Progress of discovery.
There was a struggling effort of the geographical sense of the world for thirty years and more after the death of Columbus, before the fact began to be grasped that a great continent was interposed as a substantial and independent barrier in the track to India. It took nearly a half century more before men generally recognized that fact, and then in most cases it was accepted with the reservation of a possible Asiatic connection at the extreme north. It was something more than two hundred and twenty years from the death of Columbus before that severance at the north was incontestably established by the voyage of Bering, and a hundred and thirty years longer before at last the contour of the northern coast of the continent was established by the proof of the long-sought northwest passage in 1850. We must now, to complete the story of the influence of Columbus, rehearse somewhat concisely the narrative of this progressive outcome of that wonderful voyage of 1492. The spirit of western discovery, which Columbus imparted, was of long continuance.
The influence of Ptolemy and his career.
"If we wish to make ourselves thoroughly acquainted," says Dr. Kohl, "with the history of discovery in the New World, we must not only follow the navigators on their ships, but we must look into the cabinets of princes and into the counting-houses of merchants, and likewise watch the scholars in their speculative studies." There was no rallying point for the scholar of cosmography in those early days of discovery like the text and influence of Ptolemy.

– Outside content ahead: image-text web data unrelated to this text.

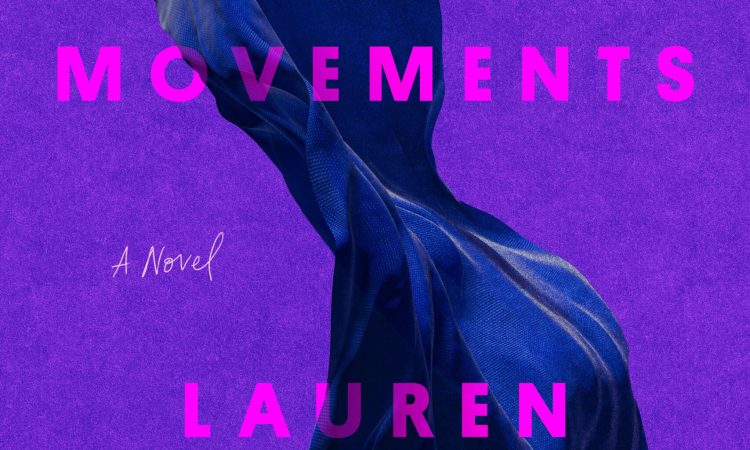The cover of the novel Little Movements: a vibrant purple background with a falling blue piece of satin. The title and author's name are in a bold pink print.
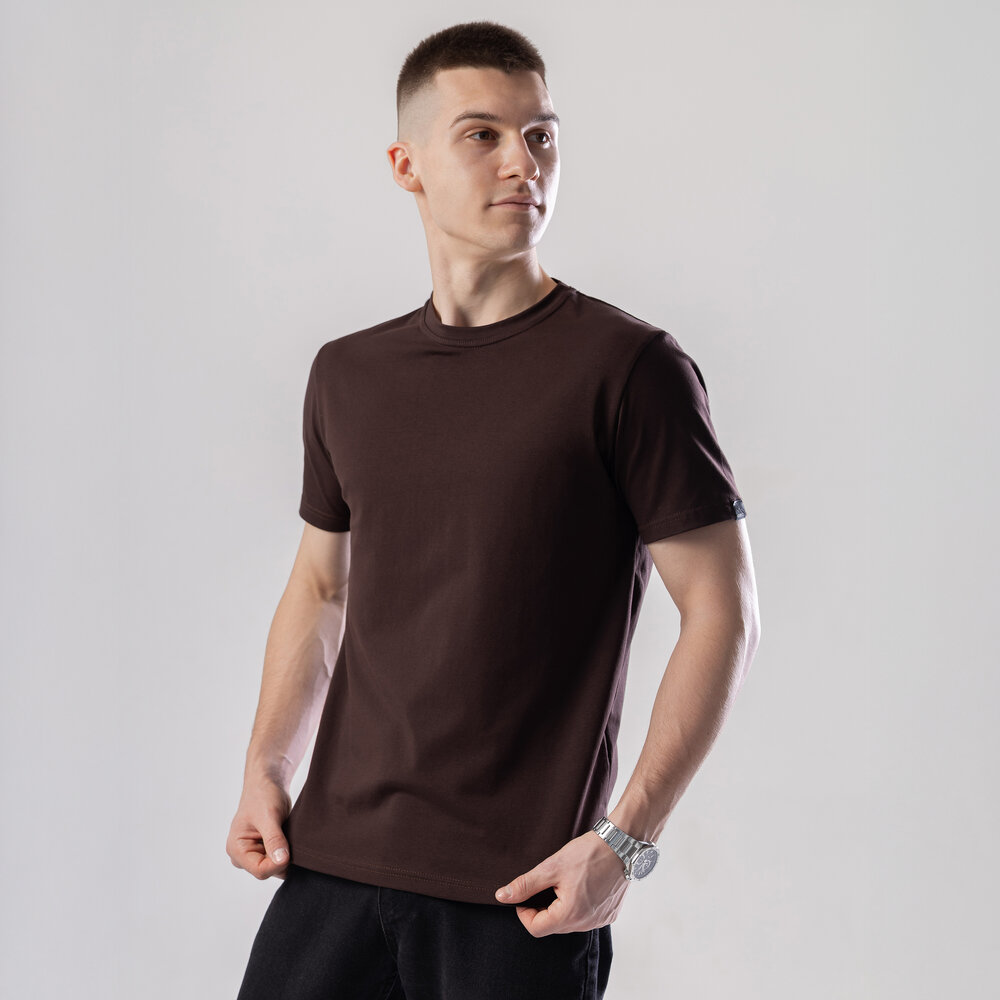 Чоловіча футболка бавовняна Pobedov Peremoga шоколадна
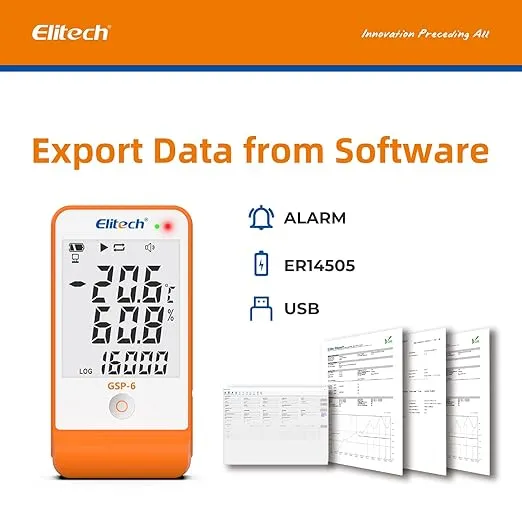 Elitech Digital Temperature Humidity Data Logger Pharmacy DDL with Calibration Certificate to Auditor, Refrigerator Thermometer Vaccine Fridge Temperature Monitor Max Min Value GSP-6-5Pack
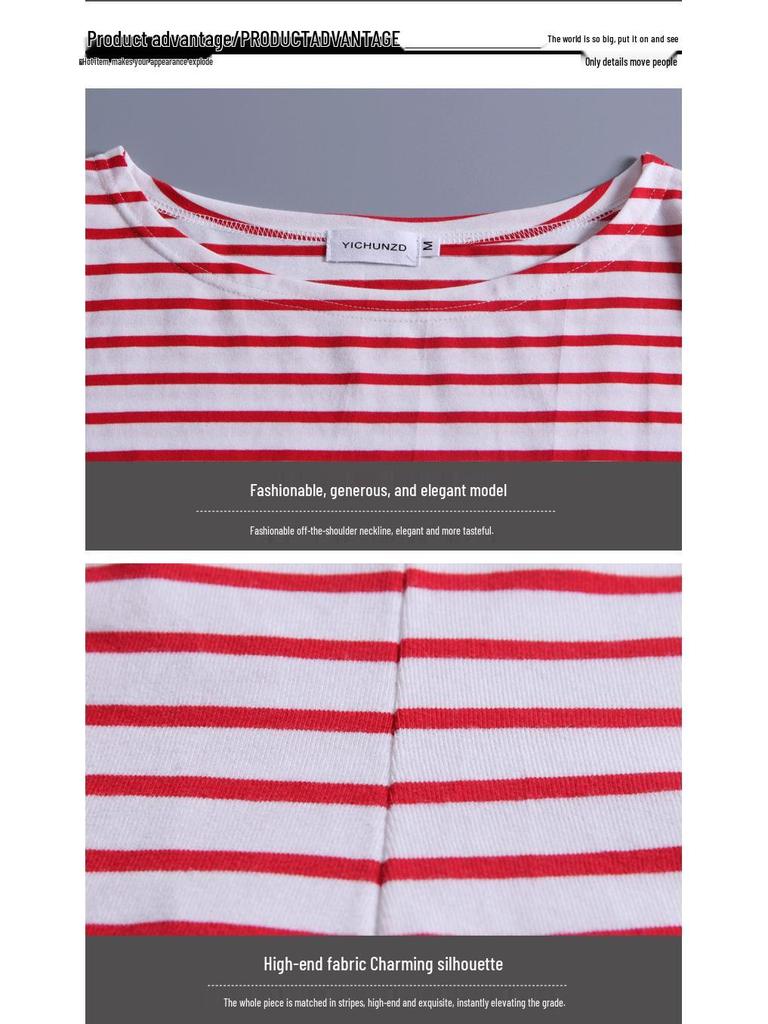 2022 Women's Slimming One-Shoulder Black & White Striped Long Sleeve T-Shirt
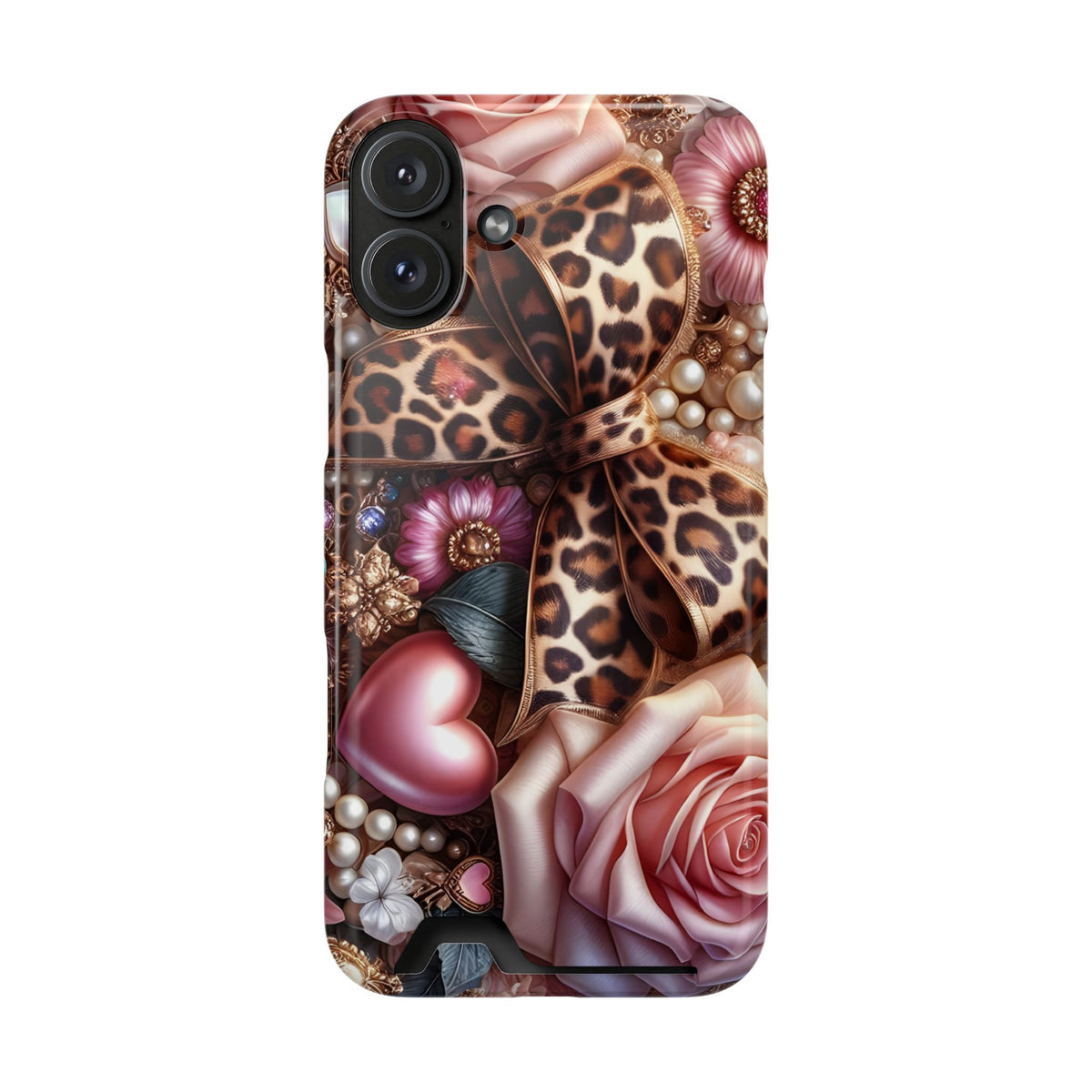 Leopard Rose phone case with card holder for iPhone 16 Plus, glossy finish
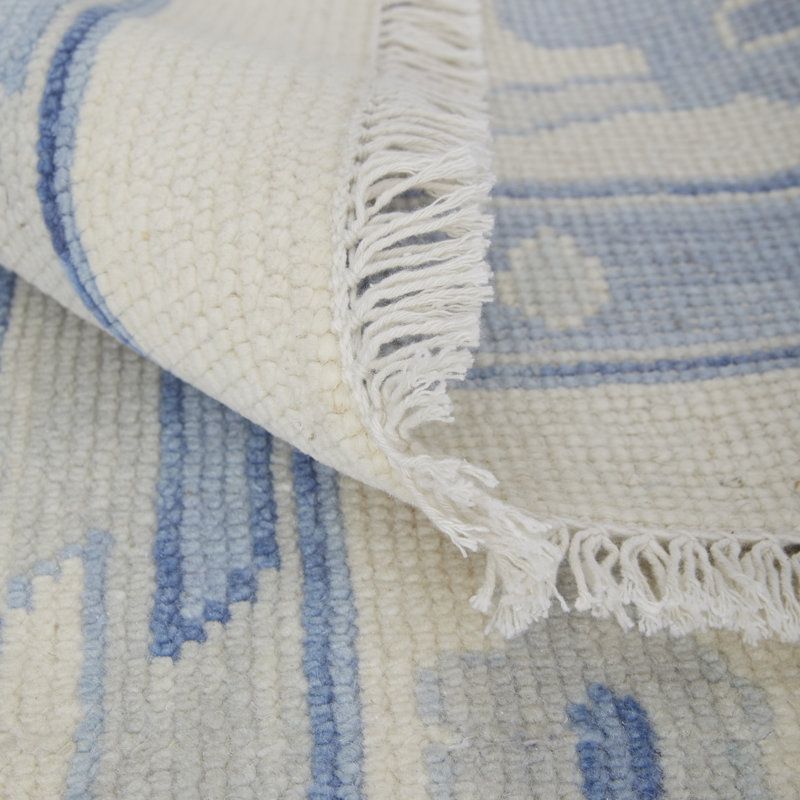 Karina Hand Knotted Wool Ikat Area Rug in Ivory/Blue, Rectangle 12' x 15'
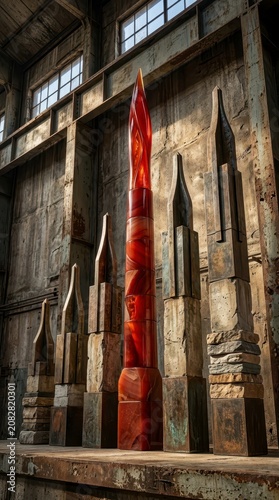 Red abstract sculpture in industrial setting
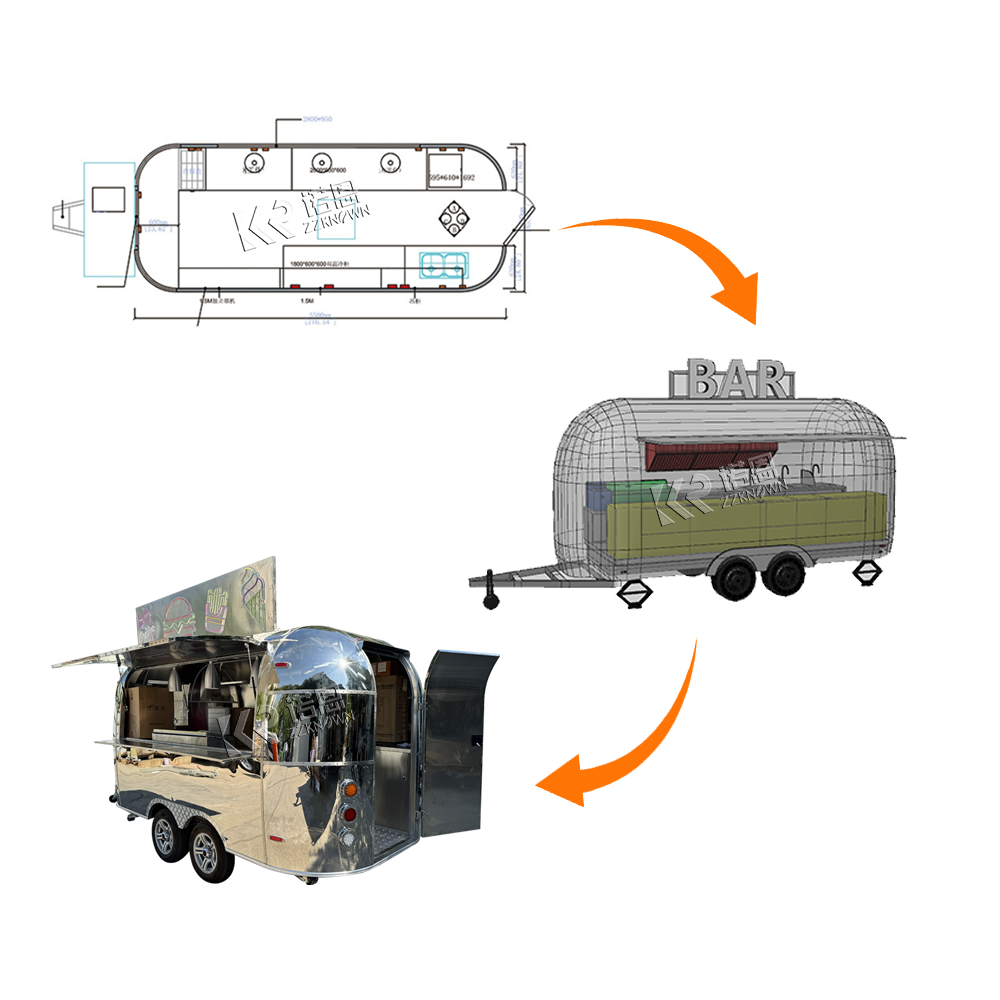 USA Standard Food Truck Beer Mobile Camping Truck BBQ Pizza Hot Dog Cart Concession Food Trailer With Fully Equipped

We know little of this ancient geographer beyond the fact of his living in the early portion of the second century, and mainly at Alexandria, the fittest home of a geographer at that time, since this Egyptian city was peerless for commerce and learning. Here he could do best what he advises all geographers to do, consult the journals of travelers, and get information of eclipses, as the same phenomena were observed at different places; such, for instance, as that of the moon noted at Arbela in the fifth, and seen at Carthage in the second hour.
Portolanos.
The precision of Ptolemy was covered out of sight by graphic fancies among the cosmographers of succeeding ages, till about the beginning of the fourteenth century Italy and the western Mediterranean islands began to produce those atlases of sea-charts, which have come down to us under the name of "portolanos;" and still later a new impetus was given to geographical study by the manuscripts of Ptolemy, with his maps, which began to be common in western Europe in the beginning of the fifteenth century, largely through the influence of communications with the Byzantine peoples.